## Task item
Output the lines from the one containing "グラファーレ　富里市御料　全9棟 8号棟" through the last line of the material below, exactly; please do not include pictures.

## Dataset excerpts
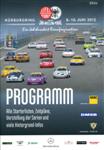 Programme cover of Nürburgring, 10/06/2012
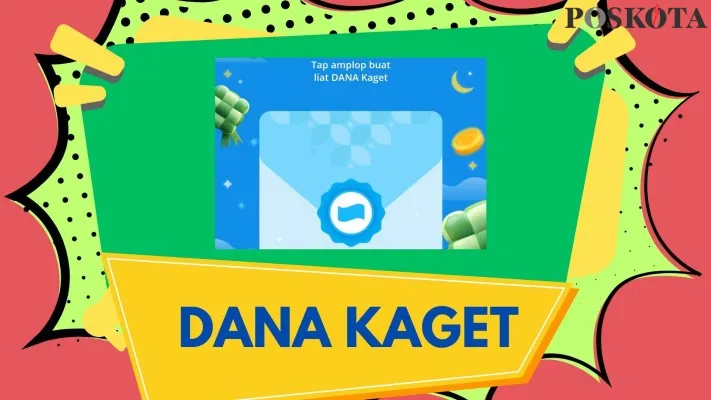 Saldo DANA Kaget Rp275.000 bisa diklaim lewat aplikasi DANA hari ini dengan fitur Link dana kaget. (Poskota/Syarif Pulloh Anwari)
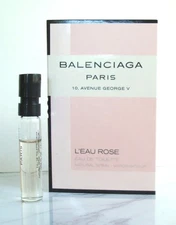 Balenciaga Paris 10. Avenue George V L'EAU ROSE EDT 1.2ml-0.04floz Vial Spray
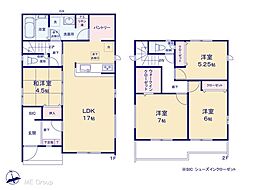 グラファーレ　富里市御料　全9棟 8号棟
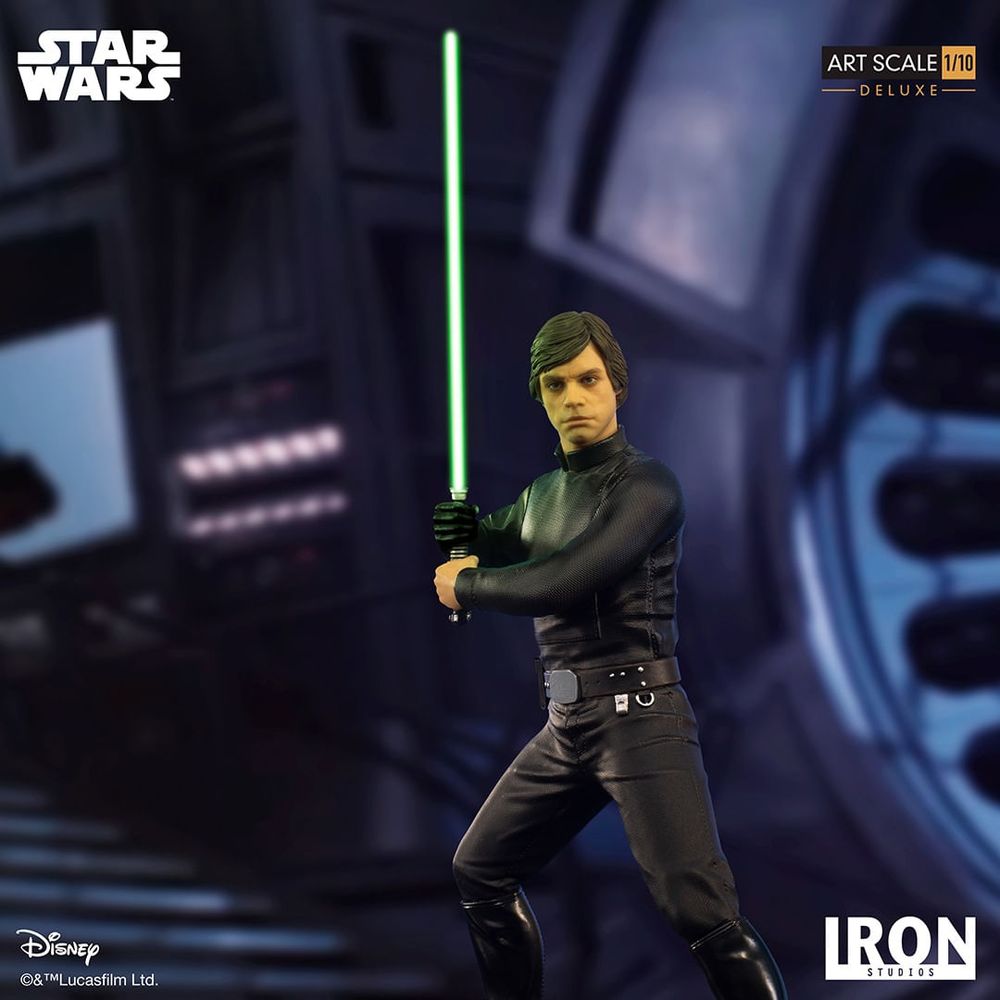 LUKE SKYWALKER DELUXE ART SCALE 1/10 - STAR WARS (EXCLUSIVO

## Expected output
 グラファーレ　富里市御料　全9棟 8号棟
 LUKE SKYWALKER DELUXE ART SCALE 1/10 - STAR WARS (EXCLUSIVO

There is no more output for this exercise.